→ **Data shown**:

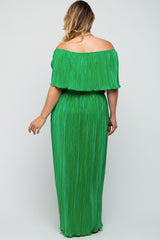 Green Plisse Off Shoulder Maternity Plus Maxi Dress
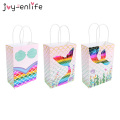 3pcs Glitter Little Mermaid Paper Bags Tote Bag Candy Box Gift Cookies Packaging Bags Mermaid Party Girl Birthday Party Favors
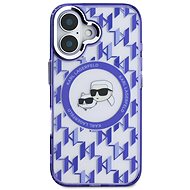 Karl Lagerfeld IML Monogram K&CH Heads MagSafe Back Cover for iPhone 16 Purple - Phone Cover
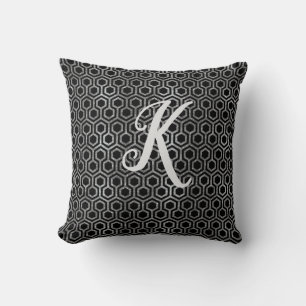 Monogram Black and Silver Glitter Hexagon Cushion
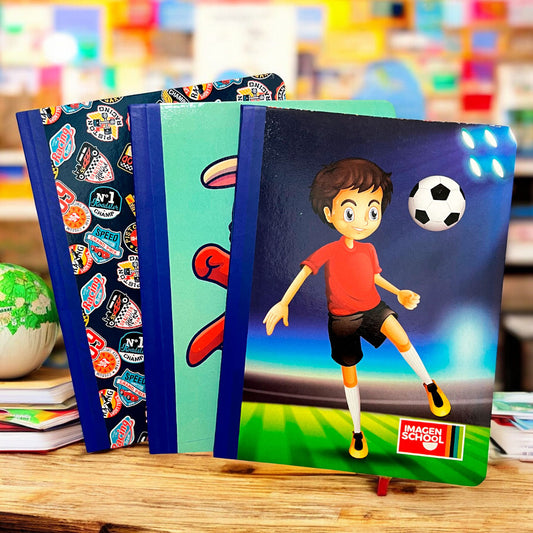Set de 3 Cuaderno Cosido Pequeño Imagen School / 200 Páginas / Raya Ancha / Boys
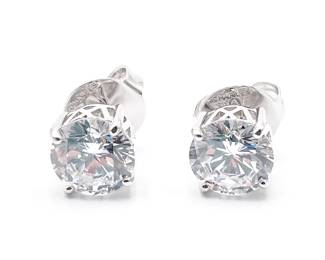 Sterling Silver Cubic Zirconia Stud Earrings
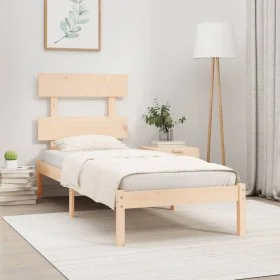 Solid pine wood bed frame 90x200 cm by vidaXL, Beds and slatted bases - Ref: Foro24-3104658, Price: 77,22 €, Discount: %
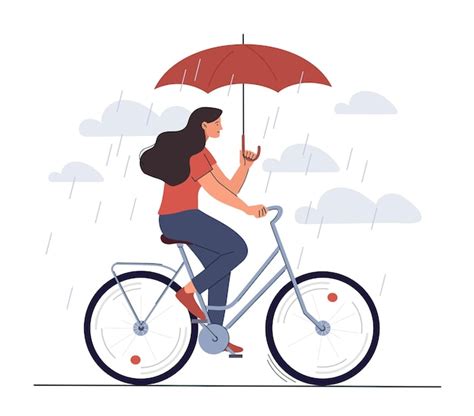 Mulher Na Bicicleta Guarda Chuva Vetor Premium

→ **Exercise goal**: All that is needed here is the run of lines from the one containing "Monogram Black and" through the end of the material above, reproduced exactly and without pictures.

→ **Solution to the exercise**:
 Monogram Black and Silver Glitter Hexagon Cushion
Set de 3 Cuaderno Cosido Pequeño Imagen School / 200 Páginas / Raya Ancha / Boys
 Sterling Silver Cubic Zirconia Stud Earrings
 Solid pine wood bed frame 90x200 cm by vidaXL, Beds and slatted bases - Ref: Foro24-3104658, Price: 77,22 €, Discount: %
 Mulher Na Bicicleta Guarda Chuva Vetor Premium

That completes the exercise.